Africa is red dirt, camels hugging highway shoulders, blushing skies, waterfall drizzle, intricate glass tiles on the wall. But really, it’s people. It’s hosts serving postmeal popcorn, kids laughing in the grass, grown men laughing at terrible kid jokes, neighbors loving neighbors. Africa is shared community. It’s one billion people on the planet. It is the welcoming family of humanity.
Cradle of civilization, indeed.
Early-Dawn Expotition
It’s just you and me, boys,
An expotition of the finest.
Banded mongoose scatter beneath our breakfast,
Ringtailed, spry as both of you.
Let’s gather our provisions,
White noses and pink cheeks
Let’s witness beasts of the field.
Thundering zebras, sharp-serrated crocs,
The cape buffalo, droll and brown-wigged,
Wandering warthog, a jackal with caught rabbit.
Let’s find the lion ogling his thoughts,
Juvenile mane frisking gold-tipped grass.
We will forget our camera. How about that?
And so, this early-dawn expotition,
This morning, just us,
Stays with us, in cameras inside.
We really saw the lion.
Just us.
PART V
To live is to be slowly born.
—Antoine de Saint-Exupéry
15
FRANCE
Outside of the United States, there is nowhere else I feel more at home than Europe.

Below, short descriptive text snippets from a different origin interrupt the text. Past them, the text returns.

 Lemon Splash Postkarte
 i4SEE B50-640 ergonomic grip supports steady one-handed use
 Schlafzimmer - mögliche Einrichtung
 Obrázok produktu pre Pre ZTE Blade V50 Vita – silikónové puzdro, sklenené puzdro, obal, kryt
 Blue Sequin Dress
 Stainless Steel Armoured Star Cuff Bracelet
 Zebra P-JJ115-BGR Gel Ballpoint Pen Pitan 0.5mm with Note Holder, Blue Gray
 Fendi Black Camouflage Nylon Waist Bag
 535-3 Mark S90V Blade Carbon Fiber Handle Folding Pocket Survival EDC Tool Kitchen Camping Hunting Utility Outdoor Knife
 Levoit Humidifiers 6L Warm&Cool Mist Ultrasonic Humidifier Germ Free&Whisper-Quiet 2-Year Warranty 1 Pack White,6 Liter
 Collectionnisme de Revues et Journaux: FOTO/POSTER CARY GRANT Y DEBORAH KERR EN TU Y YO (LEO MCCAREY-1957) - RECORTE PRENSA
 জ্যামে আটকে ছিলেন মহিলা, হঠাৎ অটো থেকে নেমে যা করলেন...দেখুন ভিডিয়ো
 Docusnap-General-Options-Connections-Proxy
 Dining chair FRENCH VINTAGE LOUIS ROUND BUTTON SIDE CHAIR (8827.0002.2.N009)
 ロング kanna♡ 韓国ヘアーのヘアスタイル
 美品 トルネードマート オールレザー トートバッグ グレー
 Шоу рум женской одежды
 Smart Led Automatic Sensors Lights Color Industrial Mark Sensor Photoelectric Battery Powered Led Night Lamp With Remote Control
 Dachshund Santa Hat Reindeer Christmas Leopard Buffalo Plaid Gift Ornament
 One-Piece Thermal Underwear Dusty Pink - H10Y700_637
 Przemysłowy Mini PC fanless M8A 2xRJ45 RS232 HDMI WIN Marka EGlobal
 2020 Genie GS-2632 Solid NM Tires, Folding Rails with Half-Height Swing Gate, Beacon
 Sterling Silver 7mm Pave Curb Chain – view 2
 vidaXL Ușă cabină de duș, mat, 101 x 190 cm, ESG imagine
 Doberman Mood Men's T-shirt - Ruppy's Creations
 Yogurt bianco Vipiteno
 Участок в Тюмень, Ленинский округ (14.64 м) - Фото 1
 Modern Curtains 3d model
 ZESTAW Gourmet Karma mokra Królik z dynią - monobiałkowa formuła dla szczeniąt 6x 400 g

In fact, I often feel more at home in Europe. My favorite day’s agenda anywhere mimics a life in tucked-away European villages—walking to the market for the day’s groceries, sipping coffee that isn’t in a to-go cup, drinking wine with lunch without judgment. Where, for some mystifying reason, food is much kinder to my innards. I can digest Italian pasta with nary a flinch, and the gelato keeps me headache-free, although I cannot say the same for its American ice cream counterpart.
Europe has always, always been my favorite. It’s marked my heart, soul, and the pages of my passport. From food to art to history to cobblestone roads that trip me every time, I love it all. I met my husband in Europe. I spent my most meaningful, postcollege, still-young, fresh-faced-traveler days in Europe. I swoon over French and British and Italian and Irish accents. I love Europe’s multiculturalism and influx of African and Middle Eastern immigrants. I’m glad Ingvar Kamprad thought up IKEA and Michelangelo said yes to painting that ceiling for the pope. I’m a fan of the Beatles, Sigur Rós, Mozart, and Daft Punk. I even appreciate the vague cigarette smell wafting through cold morning air in eastern Europe.
Europe is, on the whole, my happy place. If I could afford to, if I had legitimate permission stamped in my passport, and if the people I’d miss most were willing to come along, I would live here. This small slice of land has my heart six ways to Sunday.
It’s not perfect here. Nor is there one homogeneous, oversize culture called European. If I could, I’d take the food and art of Italy, for example, couple it with the quiet, understated personality of France and the orderliness of Germany, the cinematic and literary wit of Britain, and blend it into one utopian, and ultimately dystopian, probably, civilization. Expat friends who live throughout Europe have regaled me with stories about their daily life that, were it my home, would indeed cause me to question my loyalty to the continent. Europe isn’t perfect. But she sure is lovely.
We cross the Mediterranean on a short flight from Morocco to the South of France, where we’ll live this month. Vagabonding through Africa was scraping across hallowed ground, and it accomplished its main task: we hanker for more. Its resonance continues to shake me. The past month has left us ragged and road-weary, however—irresponsibly behind on work deadlines and clamoring for a kinder routine. It’s time for another slow break—as in Chiang Mai and Sydney—to catch up on work and school. What better place than in a plebeian village in the French region of Provence?